Using the entries below, copy exactly each line from the line with "Custom Acrylic Ornament" up to and including the line with "Water Ice Map", with every picture left out.

*Data for analysis:*
■ ■ ■ ■ ■ ■ ■

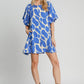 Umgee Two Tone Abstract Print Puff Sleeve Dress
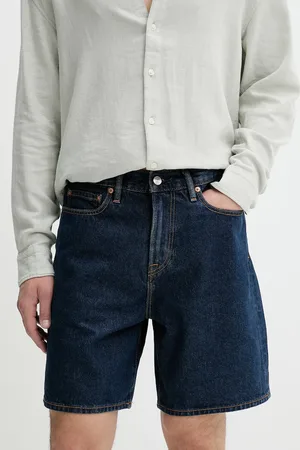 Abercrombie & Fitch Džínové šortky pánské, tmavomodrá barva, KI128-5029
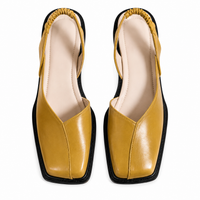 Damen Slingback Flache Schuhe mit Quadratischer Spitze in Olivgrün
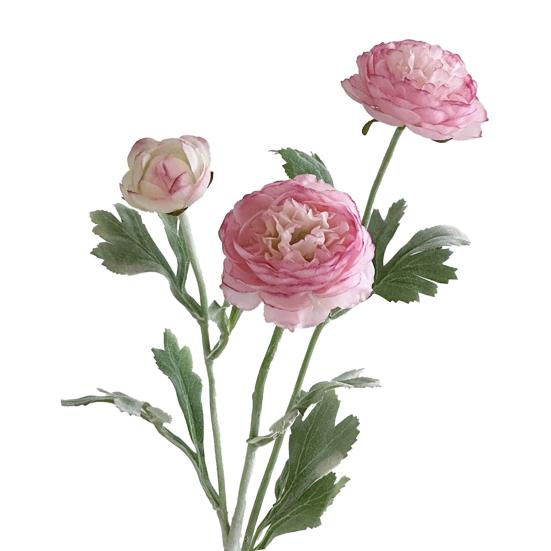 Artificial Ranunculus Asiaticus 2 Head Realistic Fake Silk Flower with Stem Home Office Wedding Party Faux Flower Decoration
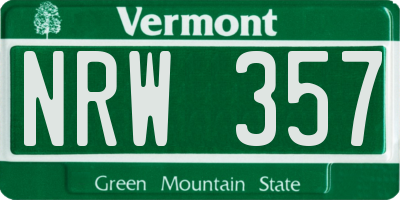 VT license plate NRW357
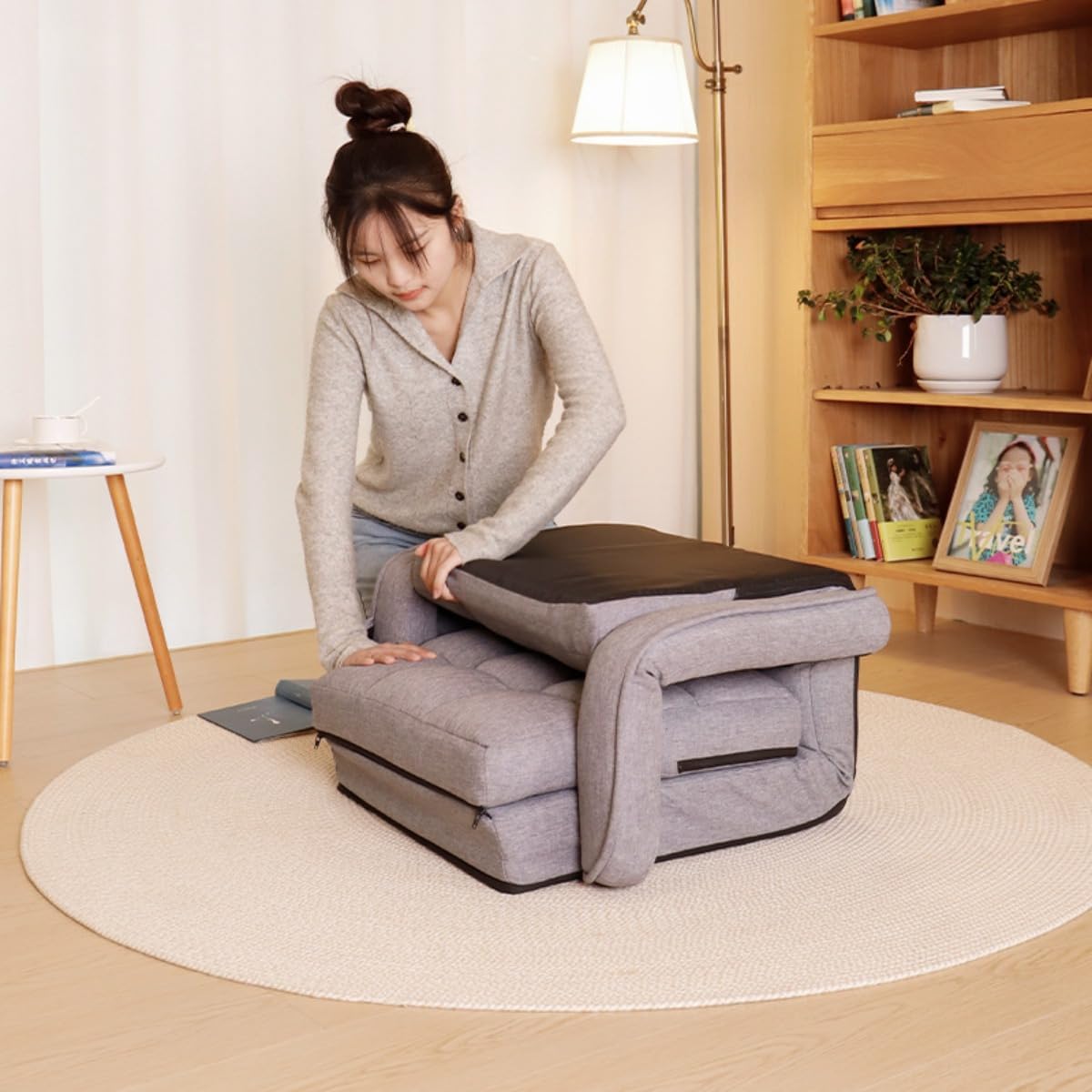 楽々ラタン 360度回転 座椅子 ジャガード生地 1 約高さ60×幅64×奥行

■ ■ ■ ■ ■ ■ ■

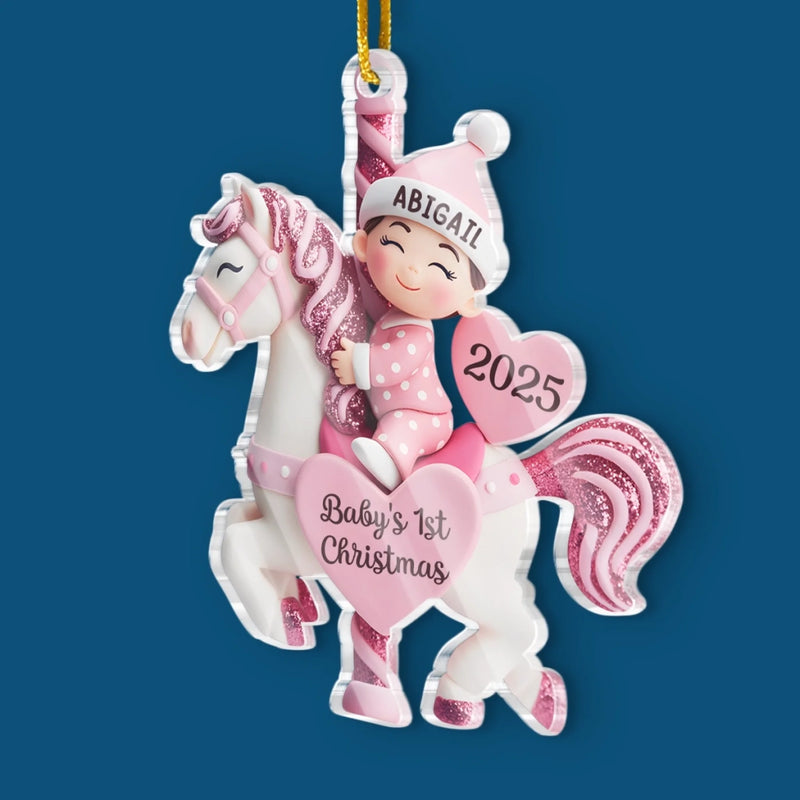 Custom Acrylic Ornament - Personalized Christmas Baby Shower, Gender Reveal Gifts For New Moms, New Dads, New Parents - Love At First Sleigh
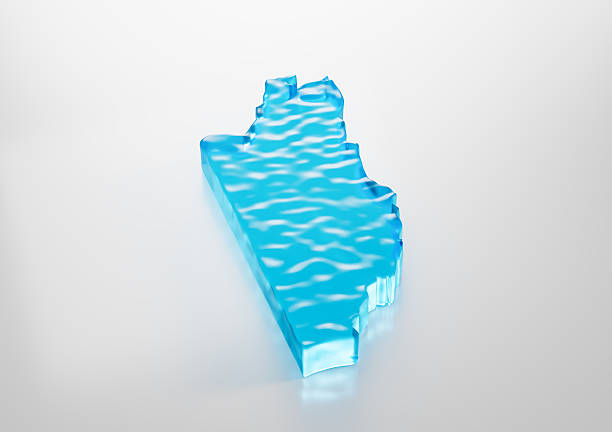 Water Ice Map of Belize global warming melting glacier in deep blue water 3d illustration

■ ■ ■ ■ ■ ■ ■

*Answer area:*
 Custom Acrylic Ornament - Personalized Christmas Baby Shower, Gender Reveal Gifts For New Moms, New Dads, New Parents - Love At First Sleigh
 Water Ice Map of Belize global warming melting glacier in deep blue water 3d illustration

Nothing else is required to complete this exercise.